Dire « je ne bois pas » semble simple.
Et pourtant, cette phrase déclenche souvent un léger flottement.
Un silence.
Un regard.
Parfois une question en retour, parfois une blague, parfois une insistance à peine voilée…
Ce n’est pas tant l’absence d’alcool qui dérange.
C’est ce que cette phrase renvoie à l’autre.
Dans cet article, je ne vais pas t’apprendre à te défendre, ni à convaincre, ni à trouver la meilleure excuse socialement acceptable.
Je vais plutôt explorer pourquoi expliquer son non devient si compliqué, et comment retrouver une position intérieure calme, stable, qui rend l’explication presque inutile.

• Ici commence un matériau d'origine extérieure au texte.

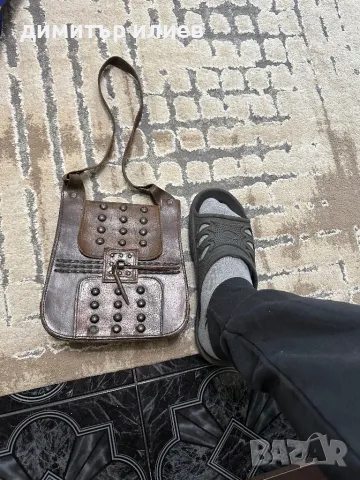 Малка дамска кожена чанта , снимка 6 - Чанти - 50188172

Pourquoi dire « je ne bois pas » met mal à l’aise
Dans beaucoup de contextes sociaux, boire n’est pas un simple acte.
C’est un code implicite d’appartenance.
Boire ensemble signifie souvent :
– être détendu
– être du même côté
– participer au moment
– ne pas juger
– ne pas se distinguer
Quand quelqu’un dit « je ne bois pas », ce n’est pas perçu uniquement comme un choix personnel.
C’est parfois entendu, inconsciemment, comme une sortie du groupe.
Et ce malaise ne vient pas de toi.
Il vient de la projection de l’autre.
Celui qui insiste, questionne ou plaisante cherche rarement à comprendre.
Il cherche surtout à se rassurer.
À vérifier que ton non ne remet pas en cause son propre oui.
C’est pour ça que plus tu te justifies, plus la situation peut devenir inconfortable.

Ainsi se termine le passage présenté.